The patient with COPD who is at risk from exacerbation needs to know what to do when they get one. It is reasonable to give such patients prescriptions for steroids and antibiotics to take in the event of such a crisis occurring. A five-day course of prednisone at a 30-40mg dose depending on weight is reasonable for such patients. The majority – 70 per cent – of exacerbations are associated with infection and some of these infections may well be viral. Extrapolating from this, it suggests that exacerbations do not always need to be treated with antibiotics, but it can be difficult to determine which ones are infective and which ones are not. In those circumstances, it is more important than ever to ensure that over usage of antibiotics does not take place. It is reasonable to allow the patient to take an antibiotic with a limited spectrum, such as a macrolide, doxycycline or amoxicillin. More broad-spectrum antibiotics should certainly be kept in reserve for treating exacerbations that have failed to resolve.
Other aspects of the management of COPD that are also very important
Smoking is clearly a major cause of COPD, but 10 per cent of COPD patients have never smoked and 30 per cent are ex-smokers. For those that are still smoking it is important that they be aware that they should try and stop, and support is given in the way of nicotine replacement therapy or other pharmacological support to those that are attempting to quit. It is important to remind patients to get their annual flu shot and it is also reasonable for them to get pneumococcal vaccination.

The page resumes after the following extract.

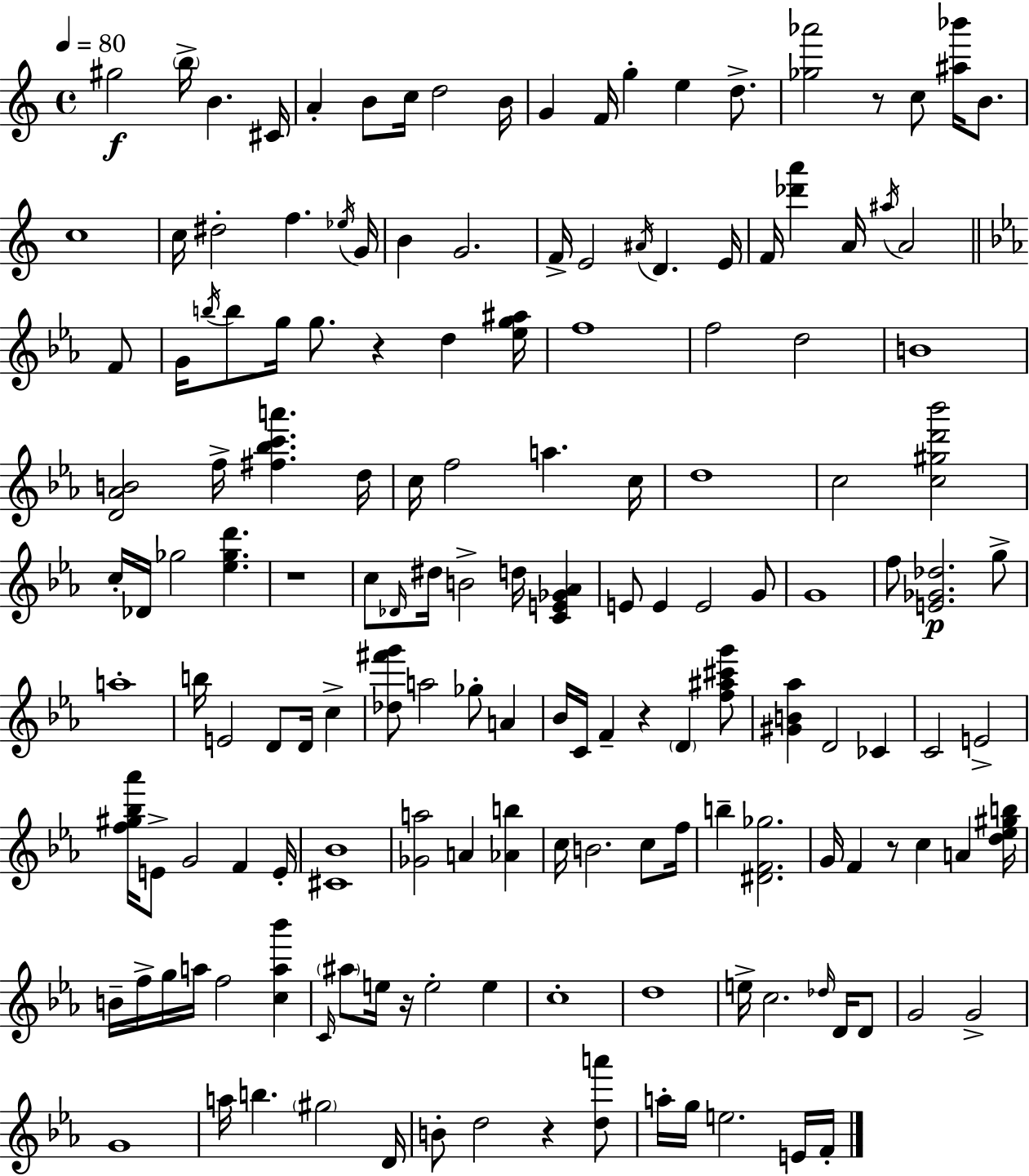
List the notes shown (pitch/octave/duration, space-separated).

G#5/h B5/s B4/q. C#4/s A4/q B4/e C5/s D5/h B4/s G4/q F4/s G5/q E5/q D5/e. [Gb5,Ab6]/h R/e C5/e [A#5,Bb6]/s B4/e. C5/w C5/s D#5/h F5/q. Eb5/s G4/s B4/q G4/h. F4/s E4/h A#4/s D4/q. E4/s F4/s [Db6,A6]/q A4/s A#5/s A4/h F4/e G4/s B5/s B5/e G5/s G5/e. R/q D5/q [Eb5,G5,A#5]/s F5/w F5/h D5/h B4/w [D4,Ab4,B4]/h F5/s [F#5,Bb5,C6,A6]/q. D5/s C5/s F5/h A5/q. C5/s D5/w C5/h [C5,G#5,D6,Bb6]/h C5/s Db4/s Gb5/h [Eb5,Gb5,D6]/q. R/w C5/e Db4/s D#5/s B4/h D5/s [C4,E4,Gb4,Ab4]/q E4/e E4/q E4/h G4/e G4/w F5/e [E4,Gb4,Db5]/h. G5/e A5/w B5/s E4/h D4/e D4/s C5/q [Db5,F#6,G6]/e A5/h Gb5/e A4/q Bb4/s C4/s F4/q R/q D4/q [F5,A#5,C#6,G6]/e [G#4,B4,Ab5]/q D4/h CES4/q C4/h E4/h [F5,G#5,Bb5,Ab6]/s E4/e G4/h F4/q E4/s [C#4,Bb4]/w [Gb4,A5]/h A4/q [Ab4,B5]/q C5/s B4/h. C5/e F5/s B5/q [D#4,F4,Gb5]/h. G4/s F4/q R/e C5/q A4/q [D5,Eb5,G#5,B5]/s B4/s F5/s G5/s A5/s F5/h [C5,A5,Bb6]/q C4/s A#5/e E5/s R/s E5/h E5/q C5/w D5/w E5/s C5/h. Db5/s D4/s D4/e G4/h G4/h G4/w A5/s B5/q. G#5/h D4/s B4/e D5/h R/q [D5,A6]/e A5/s G5/s E5/h. E4/s F4/s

Patients and their relatives are often very enthusiastic to obtain oxygen for patients with COPD. Under certain criteria oxygen can certainly prolong life, but there has been no proven benefit for patients who are prescribed oxygen for COPD who have only got mild hypoxaemia, nocturnal desaturation or desaturation on exercise. Oxygen in these circumstances can often inhibit a patient from exercising. Exercise itself is an important component in the treatment of COPD, both on its own and in combination with a formal pulmonary rehabilitation programme. It is known, for instance, that patients who are discharged from hospital, who exercise more than a control group, will have less likelihood of being readmitted to hospital with exacerbations. Pulmonary rehabilitation is well documented to improve the exercise capacity of patients, together with quality-of-life, and reduce the risk of being re-admitted following an exacerbation.
However, the capacity available for pulmonary rehab in Ireland is very poor and taking all the capacity in the system for patients who would require pulmonary rehabilitation post-exacerbation would only provide access for 10 per cent of such patients and of course do nothing for the vast numbers of patients who are experiencing ongoing dyspnoea from their COPD.